The "You" was the royal or collective you. 
Most people (AEP excepted) want the fastest drive they can afford. I'll say it again. As the slowest part of the system...
If you want quiet (silent), go SSD. Or there are noise reduction cases/enclosures.
SSD drives are the way to go.
I stuck an Intel 330 series 180 gigabyte SSD into my wife's laptop for £80 and the sheer jump in perceived speed made it looked like it was a whole new system.
Win 7 takes less than 10 secons to come up from power on to installing all the startup tasks including Kaspersky.
I have also stuck an Intel 520 series 480 gigabyte SSD into my new build high spec system for £350 and startup is also less than 10 seconds but I think this is now due as the disk doesn't access while the windows 7 animation is happening. if I could dump that animation I could take 2-3 seconds off that.
Intel SSD drives come with a 3 year warrenty on the 300 series and 5 years on the 500 series so Intel are confident on their product lasting and the closest HDD warrenty I have seen that matches that is my 3TB red NAS drive from WD with a 3 year warrenty.

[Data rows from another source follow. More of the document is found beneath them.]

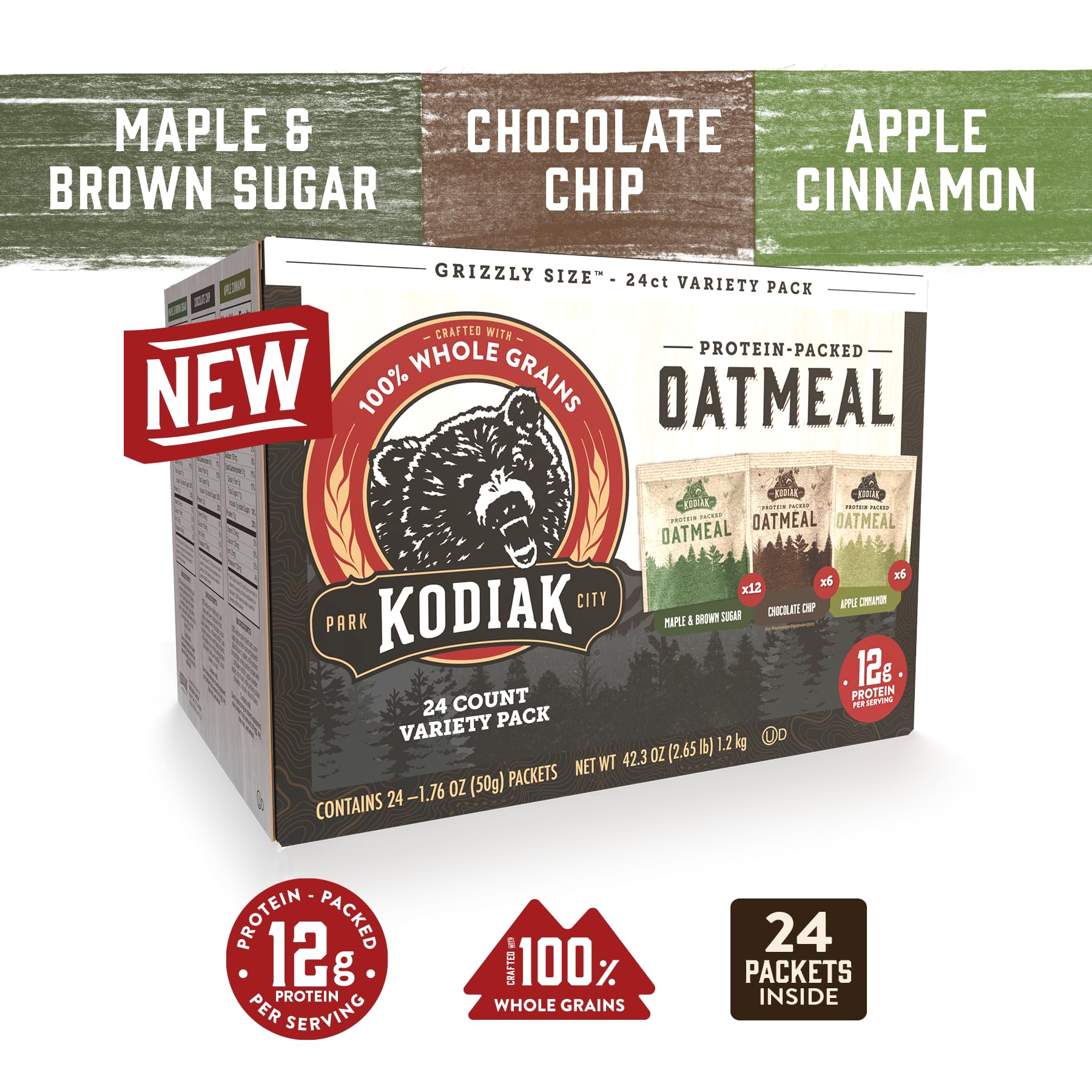 Kodiak Cakes apple cinnamon packet close-up, easy warm breakfast in minutes.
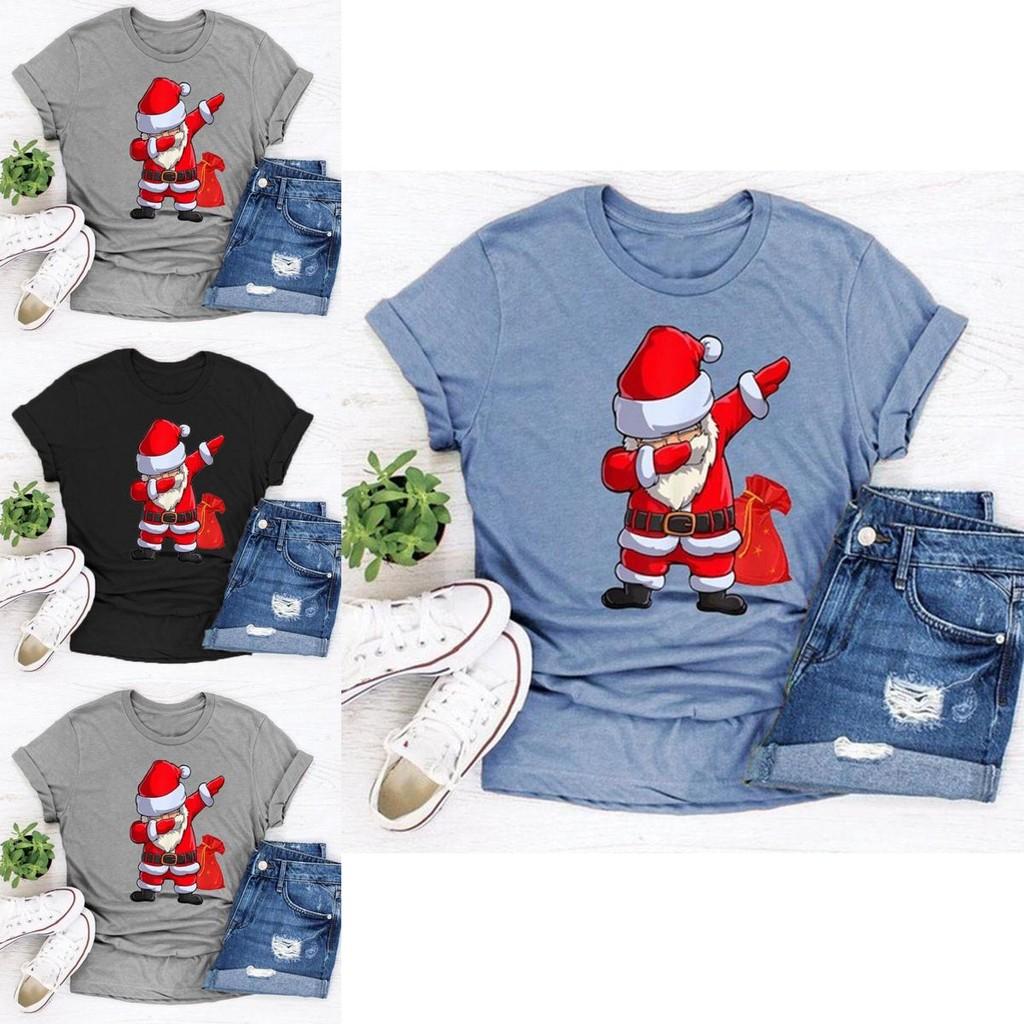 Women Santa Claus Dabbing Print T-shirt Soft Comfortable Christmas Short Sleeve Tee
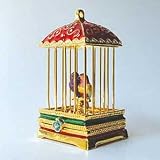 Two Lovebirds in Red Birdcage Box Swarovski Crystals 24K Gold Love Birds Figurine Statue Jewelry Trinket Pill Bird Box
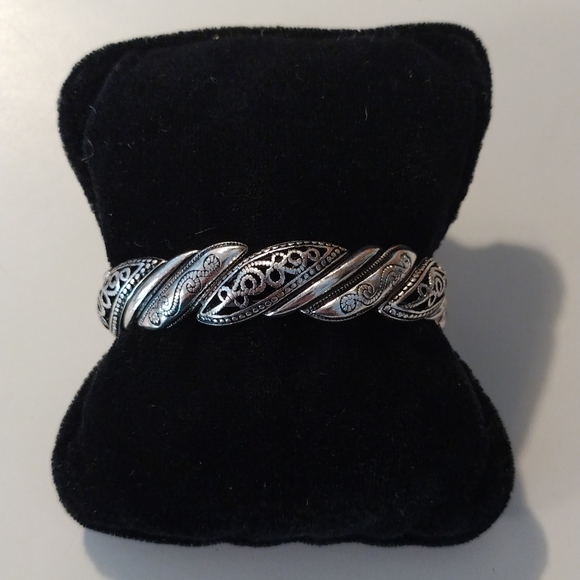 Jewelry - Silver Metal Bracelet with Filigree and Engraved Scrolls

I am running my system on a tri-boot with a relatively small 2gig swap file on each windows install and have all my programs on the SSD and have an external 2TB HDD drive in an Icy Box enclosure.for data.on an esata connection.

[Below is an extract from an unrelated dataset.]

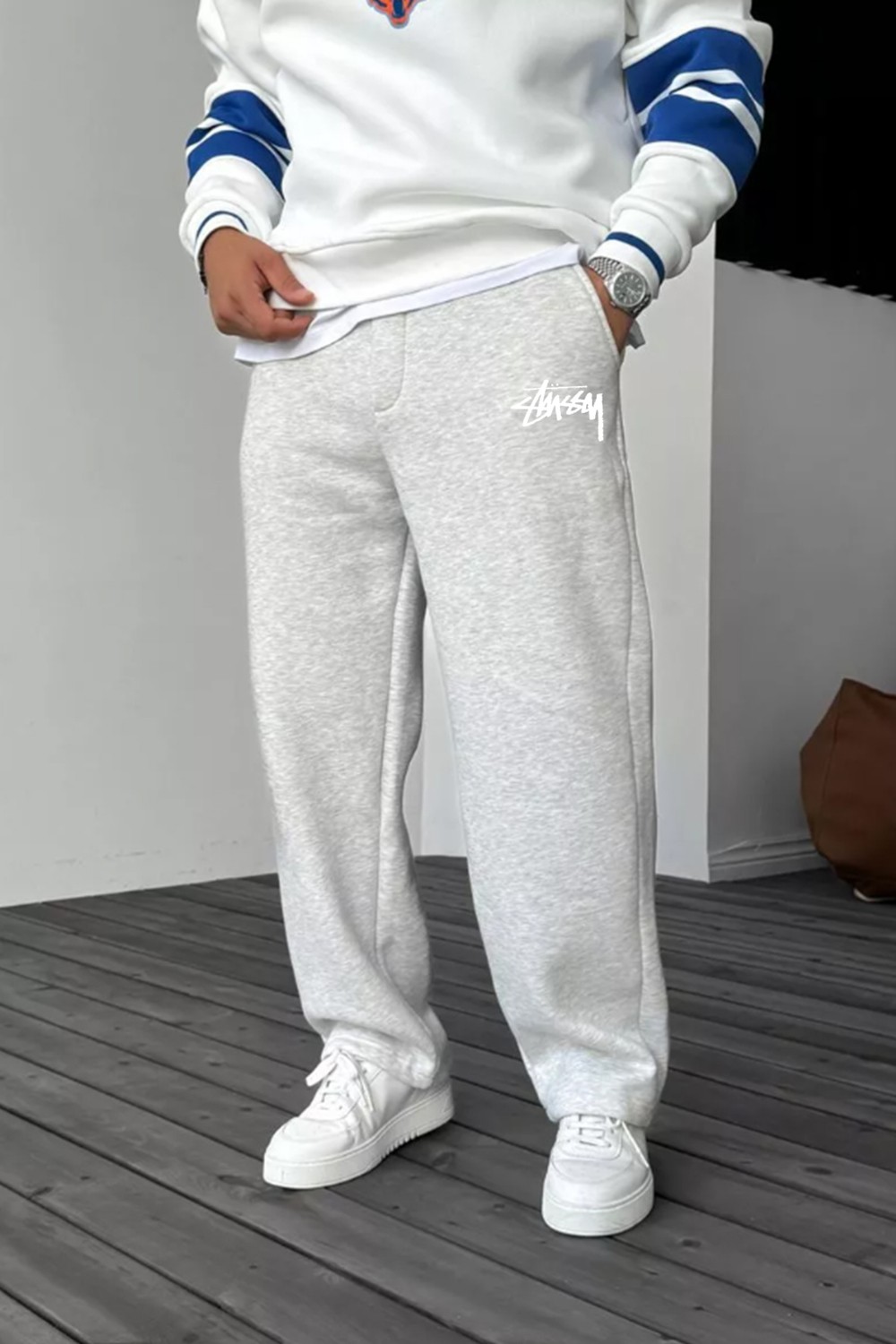 The Rule Stüssy Baskılı Baggy Siyah Yazlık 3 Iplik Bol Kesim Düz Paça Mevsimlik Eşofman Altı RF0510 görsel 6
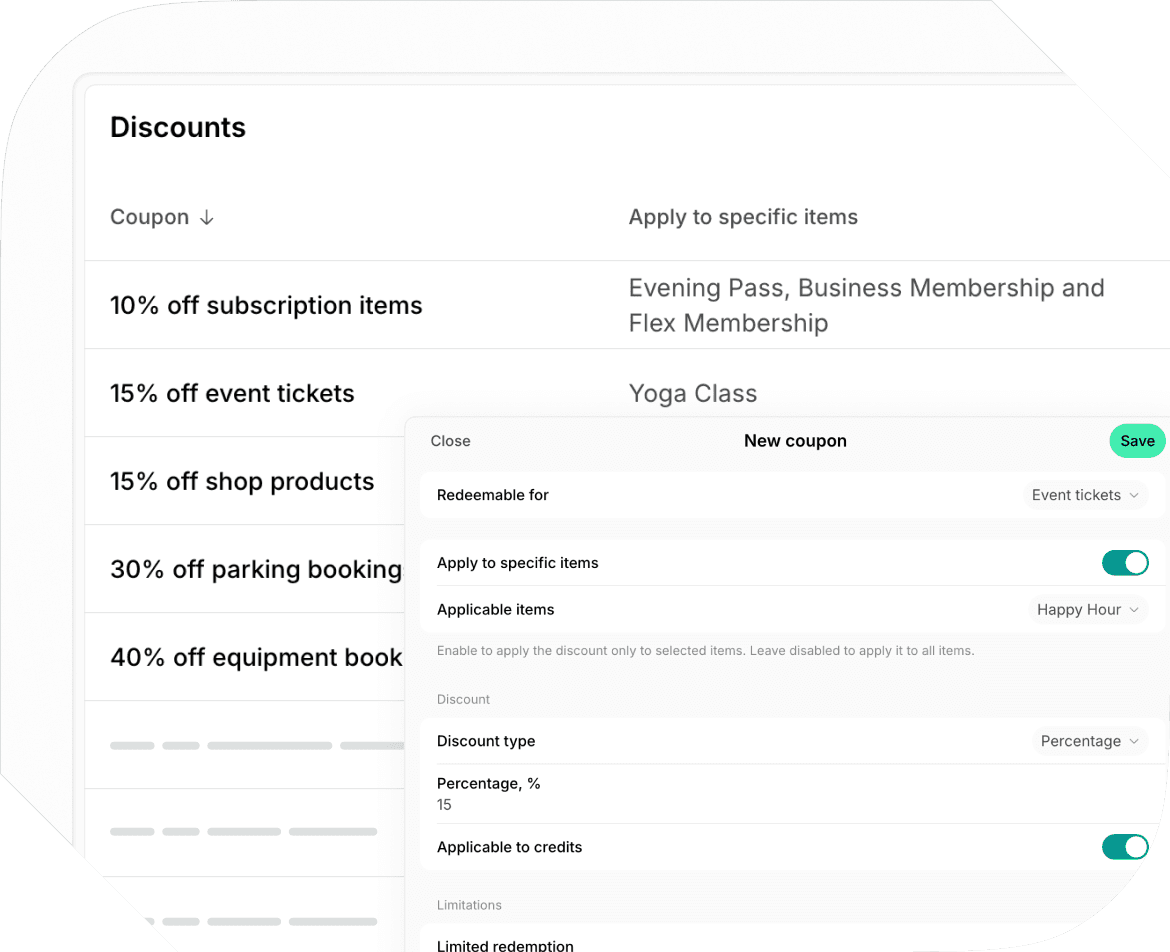 Create Discounts at Spacebring Coworking Space Management Platform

As for the OP's original question without knowing their full system spec I would say that more memory is better than faster memory for video editing, I had big problems with just 4gigabytes on my previous system using pinncle studio and the move to 8 gigabytes made a huge difference.

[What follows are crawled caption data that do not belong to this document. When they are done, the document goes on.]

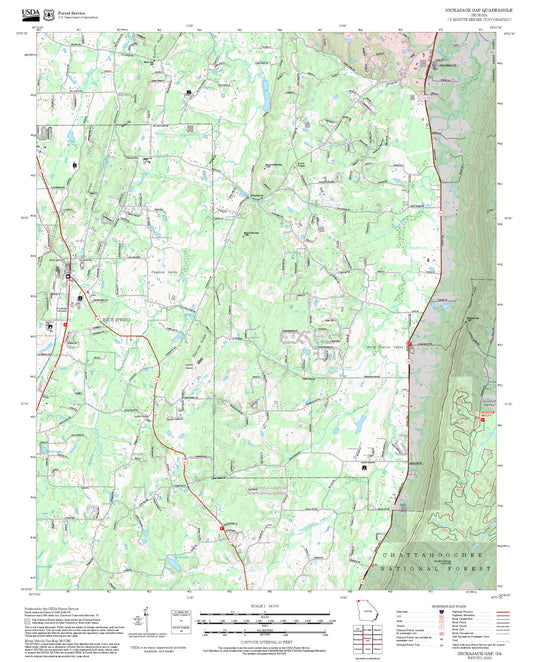 2025 Forest Service Topo Map of Nickajack Gap Georgia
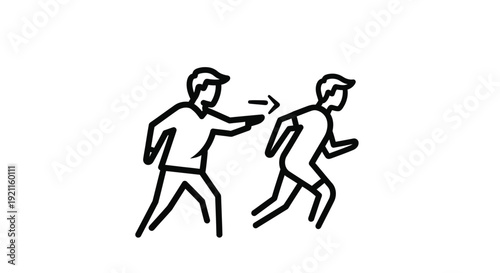 Simple line drawing depicts two figures one appears to be pushing the other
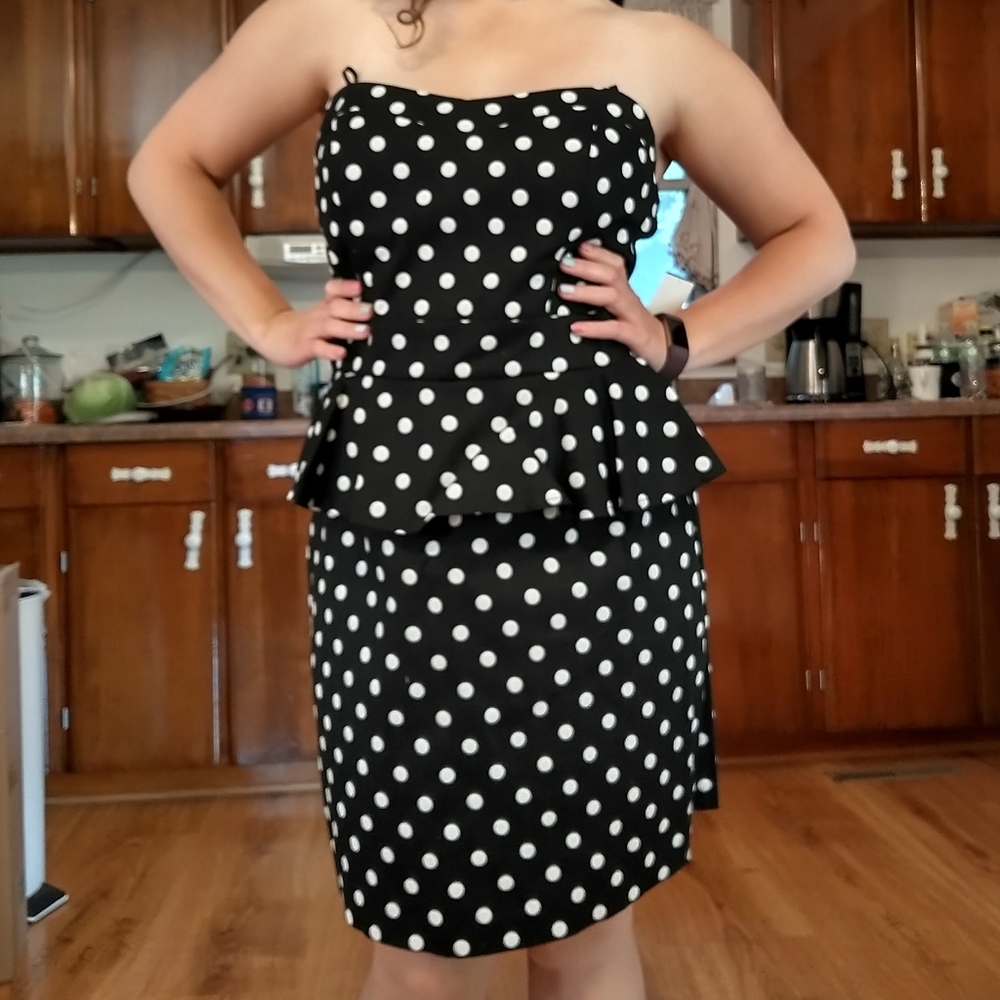 NWT polka dot peplum dress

Also I would say going to a SSD for the windows install, swap files and programs and another HDD for data, rendering and video capturing. may give a very nice jump in percieved performance.
Also if the OP does a lot of video capturing it is recommened by the capture card manufacturers to capture onto a drive that doesn't have a windows swap file on it anyways.
So to summerise get a SSD drive (I would recommend Intel) and an upgrade to 8 gigs of DDR2 memory (although you will need to check to make sure your mobo can actually take that much) and I would think you will see a nice jump in performance.